DATA RECORDS below:
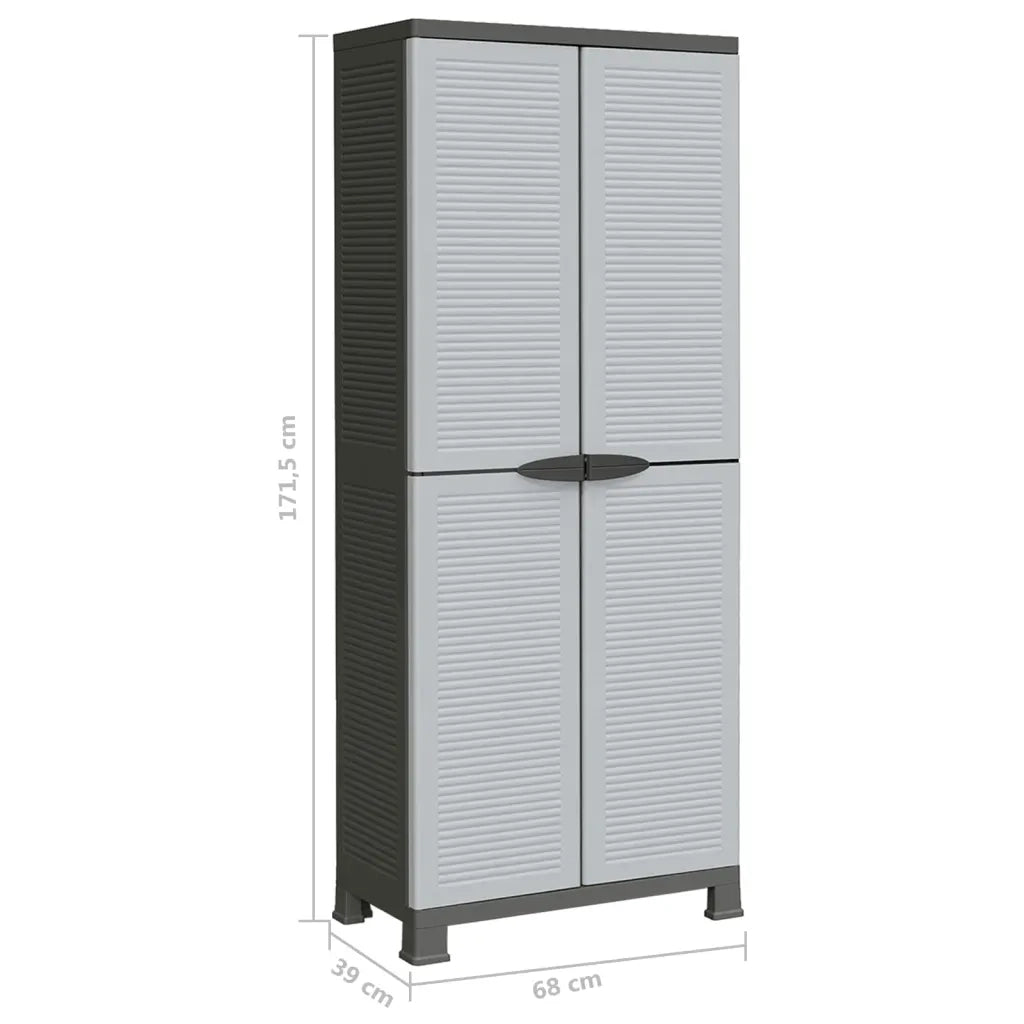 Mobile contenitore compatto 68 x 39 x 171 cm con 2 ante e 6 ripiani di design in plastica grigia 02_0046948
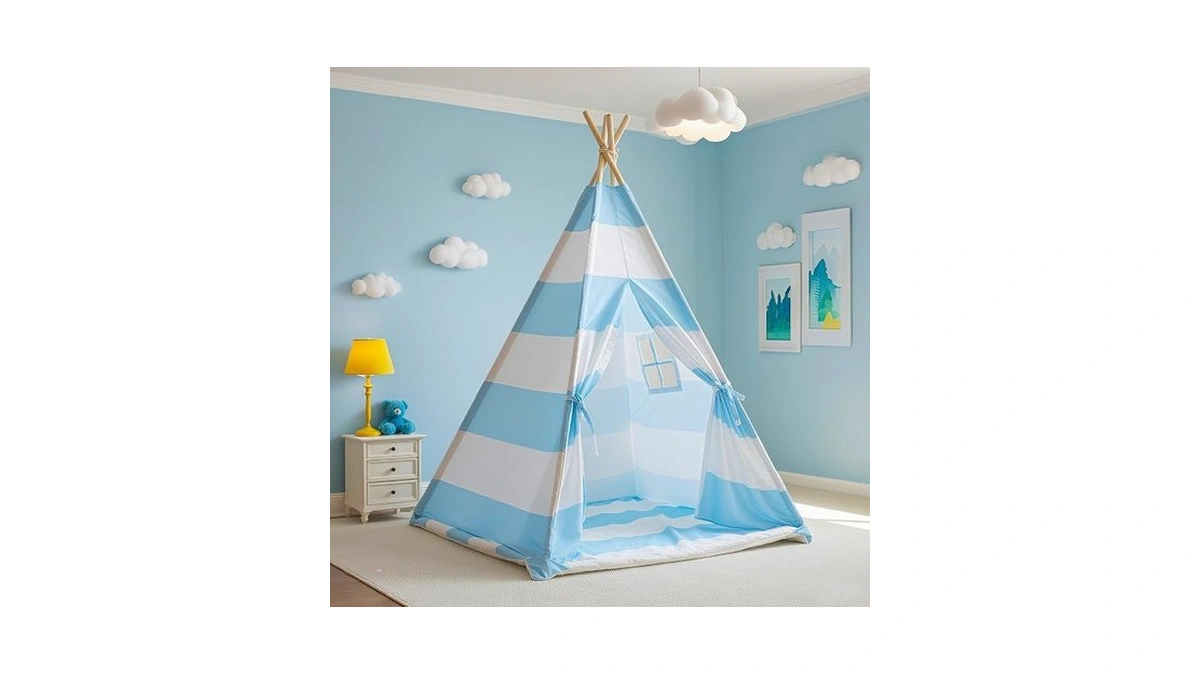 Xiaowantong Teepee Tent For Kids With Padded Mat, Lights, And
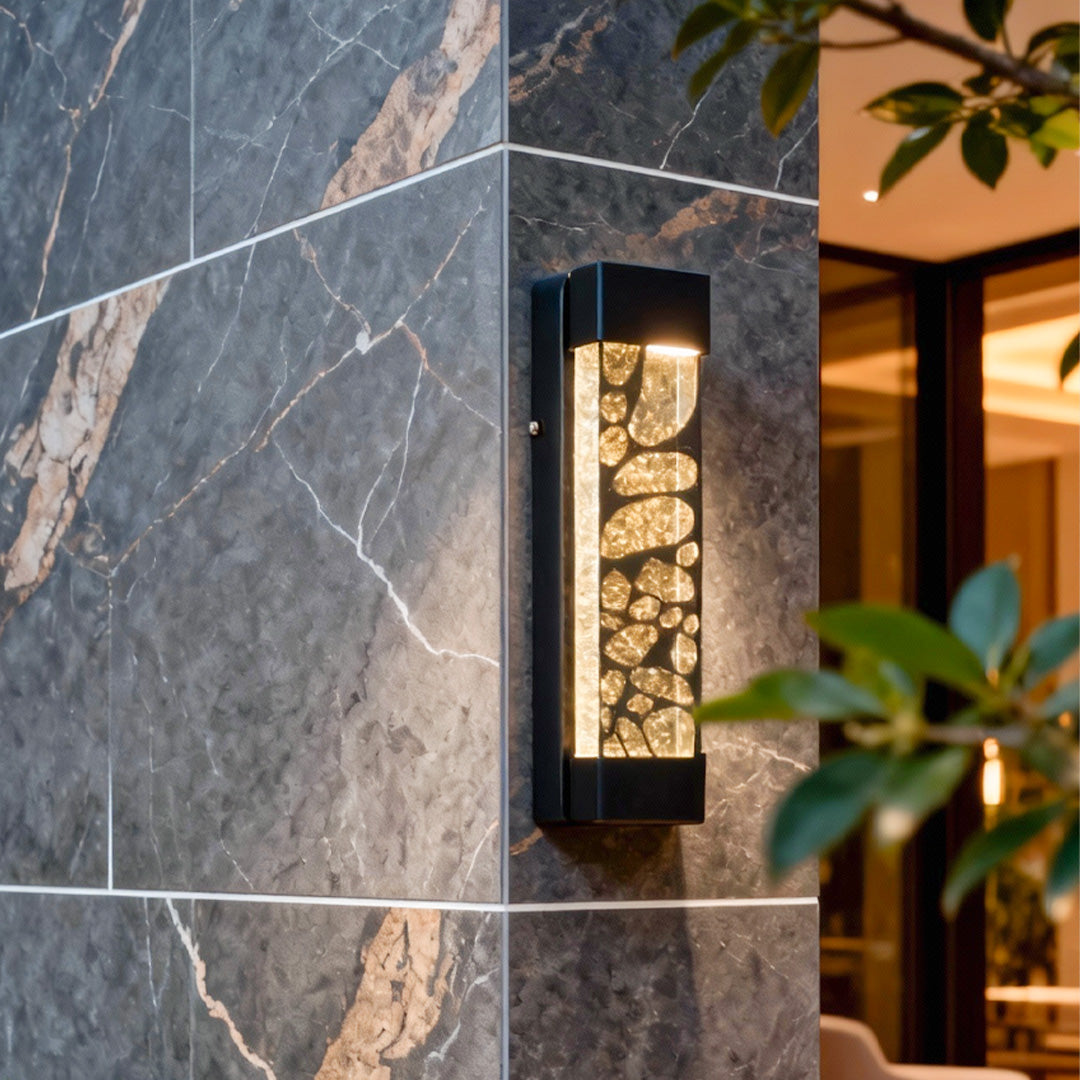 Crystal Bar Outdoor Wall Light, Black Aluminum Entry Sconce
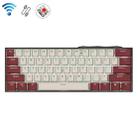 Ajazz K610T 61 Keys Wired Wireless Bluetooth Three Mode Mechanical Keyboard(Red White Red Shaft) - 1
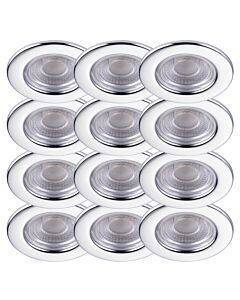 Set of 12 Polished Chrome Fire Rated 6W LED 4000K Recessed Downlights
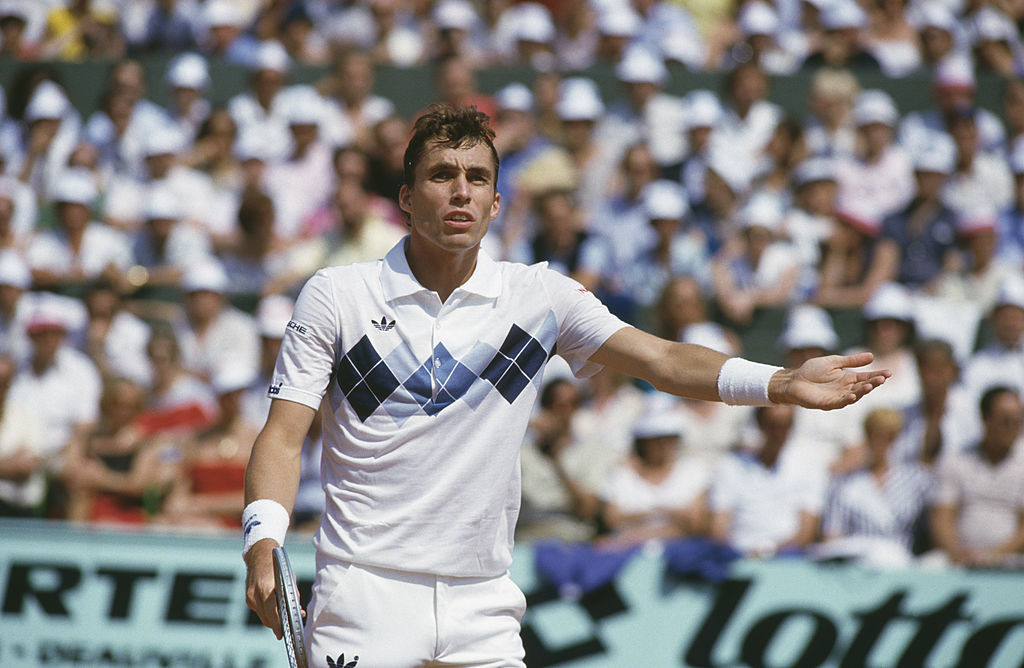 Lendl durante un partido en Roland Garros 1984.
End of DATA RECORDS.
Above are the records; repeat their lines from the first through the line containing "Crystal Bar Outdoor", and leave out each picture.

 Mobile contenitore compatto 68 x 39 x 171 cm con 2 ante e 6 ripiani di design in plastica grigia 02_0046948
 Xiaowantong Teepee Tent For Kids With Padded Mat, Lights, And
 Crystal Bar Outdoor Wall Light, Black Aluminum Entry Sconce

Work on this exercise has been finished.